Your assignment: Begin at the top of the records below and print each line exactly until the line containing "Casa para família - Araruama RJ - Foto 28" has been printed; any pictures are to be left out.

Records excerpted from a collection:
++++++

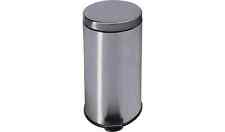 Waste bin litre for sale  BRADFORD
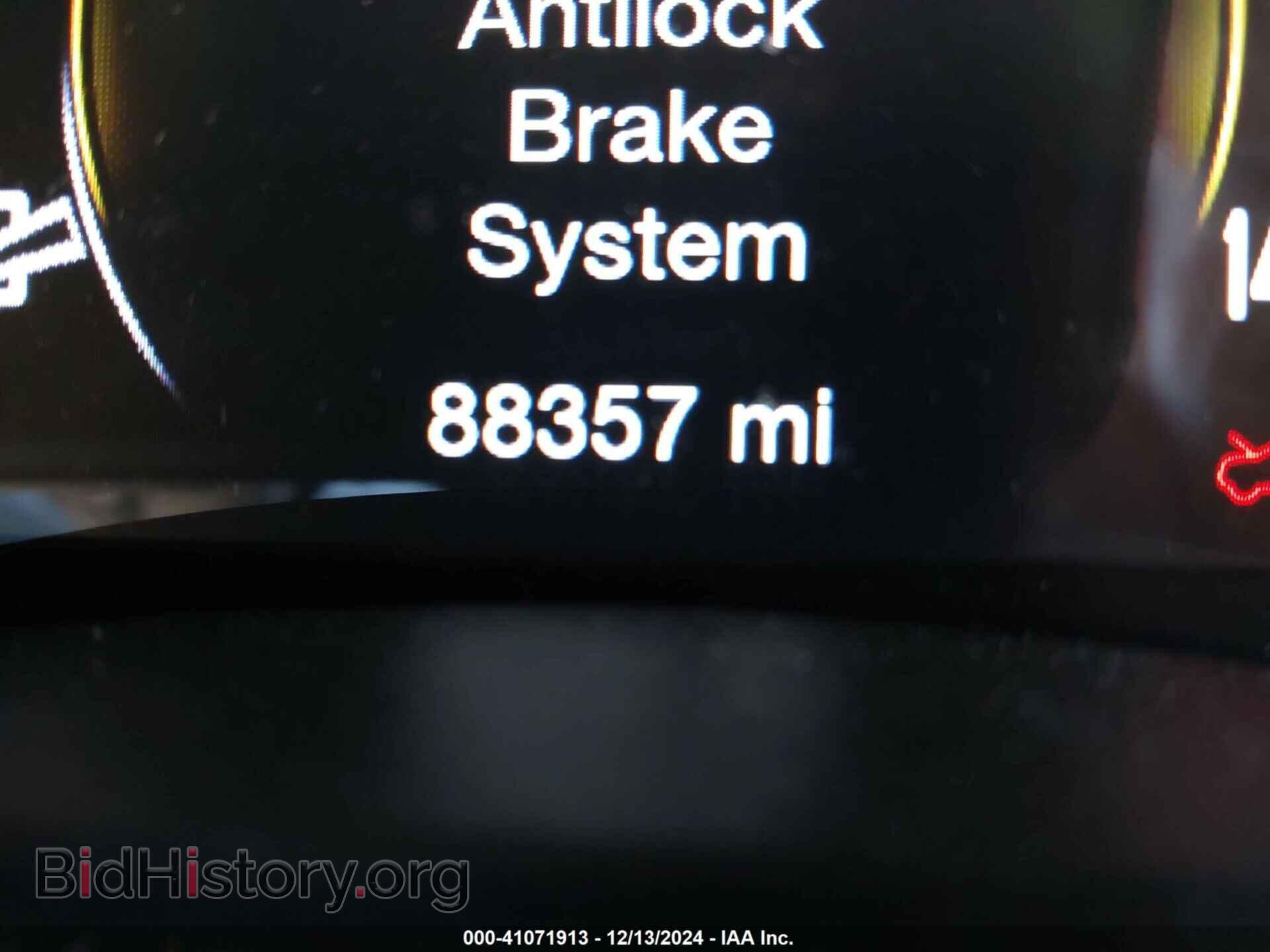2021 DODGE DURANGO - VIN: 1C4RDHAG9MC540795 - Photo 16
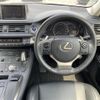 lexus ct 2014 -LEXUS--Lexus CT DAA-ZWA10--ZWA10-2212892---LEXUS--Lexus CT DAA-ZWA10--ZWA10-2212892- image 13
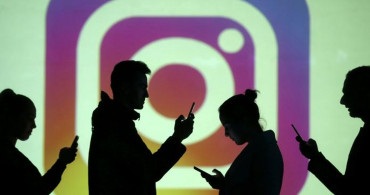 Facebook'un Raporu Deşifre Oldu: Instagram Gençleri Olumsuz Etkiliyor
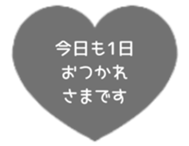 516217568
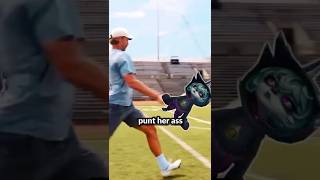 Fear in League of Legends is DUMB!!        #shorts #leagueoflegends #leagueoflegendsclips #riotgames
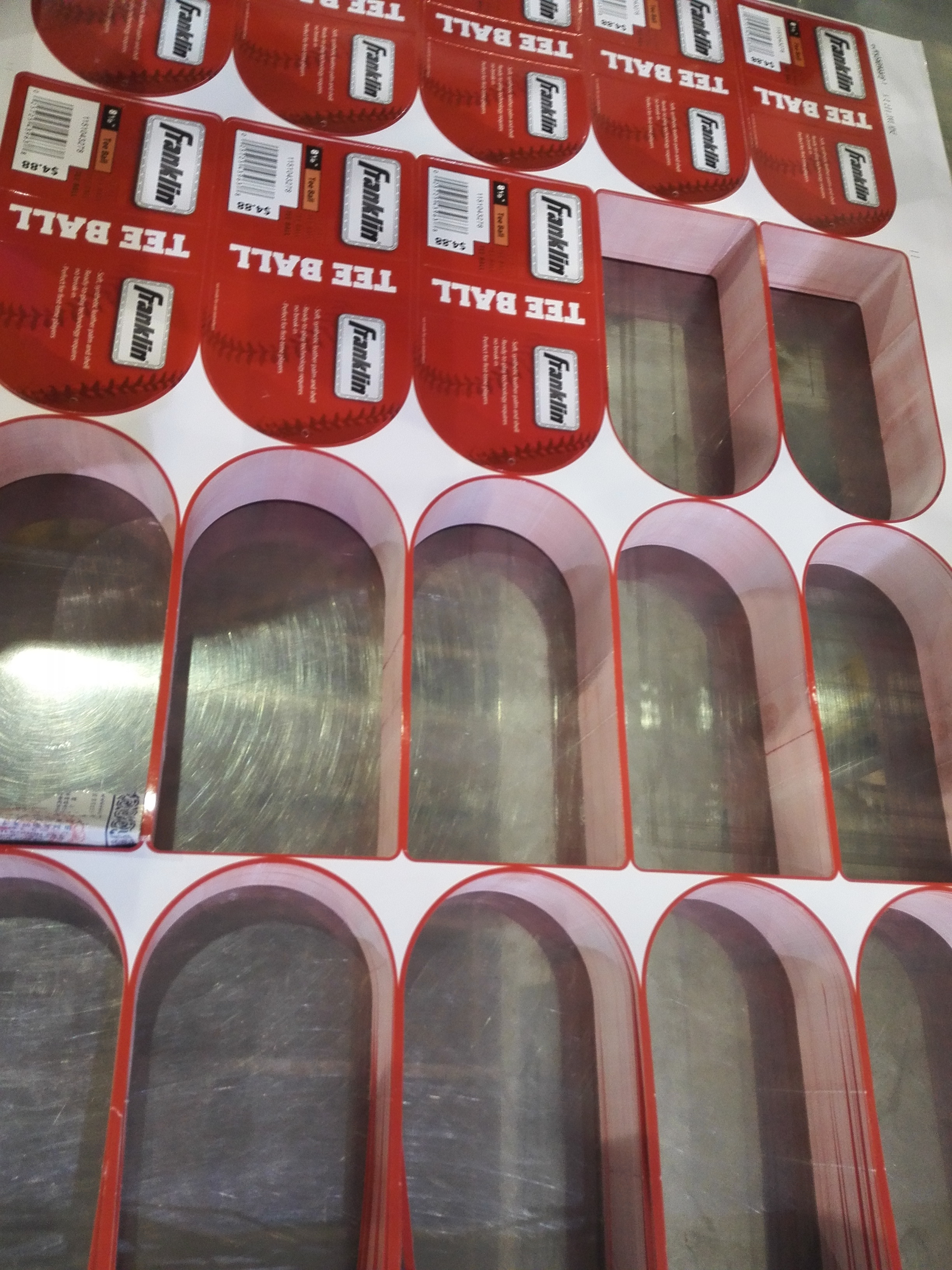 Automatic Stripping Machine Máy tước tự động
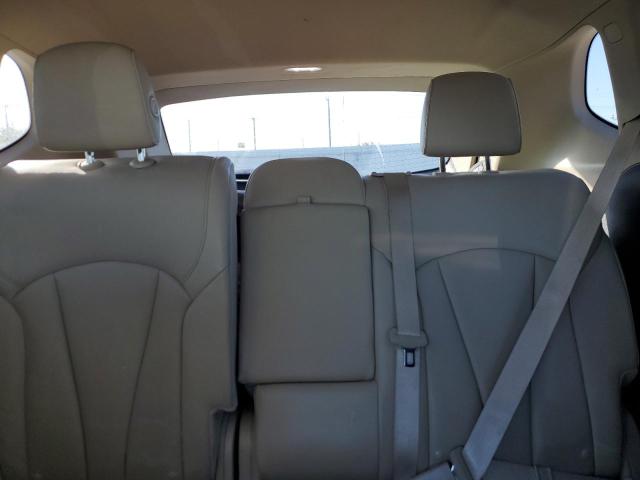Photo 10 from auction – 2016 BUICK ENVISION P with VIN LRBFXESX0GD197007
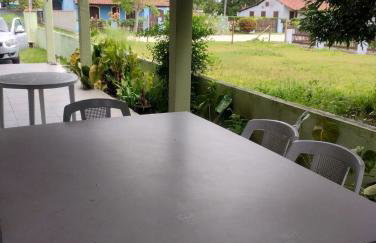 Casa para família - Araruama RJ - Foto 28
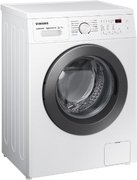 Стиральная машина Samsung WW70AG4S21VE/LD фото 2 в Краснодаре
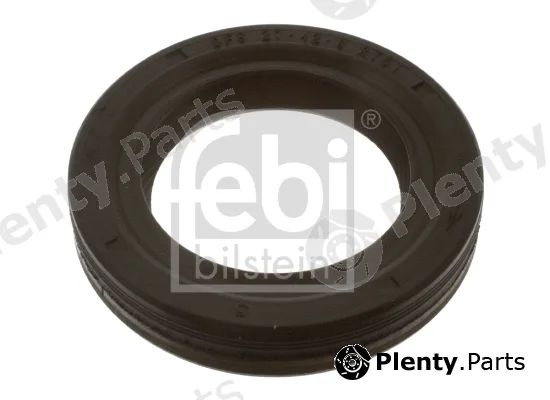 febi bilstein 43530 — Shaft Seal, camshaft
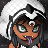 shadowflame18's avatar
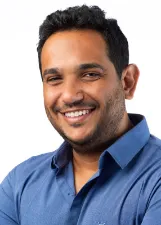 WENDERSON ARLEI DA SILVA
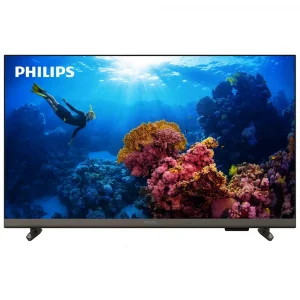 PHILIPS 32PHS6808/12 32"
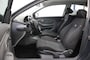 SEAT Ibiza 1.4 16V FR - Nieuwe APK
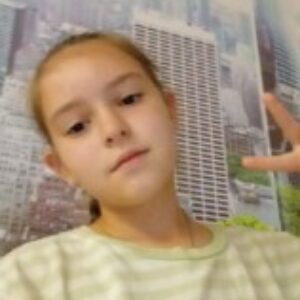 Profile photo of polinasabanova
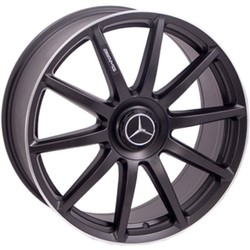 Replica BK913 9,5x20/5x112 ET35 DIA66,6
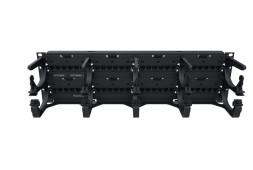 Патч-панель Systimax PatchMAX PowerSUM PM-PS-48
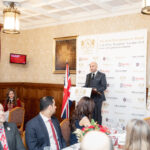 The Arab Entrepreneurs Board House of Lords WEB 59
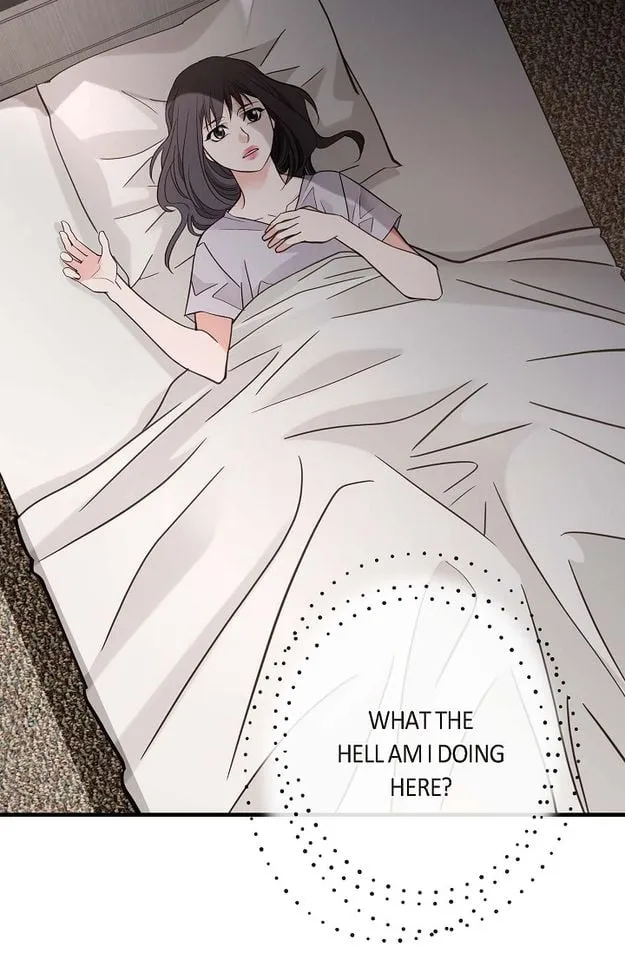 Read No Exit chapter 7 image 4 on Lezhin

++++++

Result:
 Waste bin litre for sale  BRADFORD
2021 DODGE DURANGO - VIN: 1C4RDHAG9MC540795 - Photo 16
 lexus ct 2014 -LEXUS--Lexus CT DAA-ZWA10--ZWA10-2212892---LEXUS--Lexus CT DAA-ZWA10--ZWA10-2212892- image 13
 Facebook'un Raporu Deşifre Oldu: Instagram Gençleri Olumsuz Etkiliyor
 516217568
 Fear in League of Legends is DUMB!!        #shorts #leagueoflegends #leagueoflegendsclips #riotgames
 Automatic Stripping Machine Máy tước tự động
Photo 10 from auction – 2016 BUICK ENVISION P with VIN LRBFXESX0GD197007
 Casa para família - Araruama RJ - Foto 28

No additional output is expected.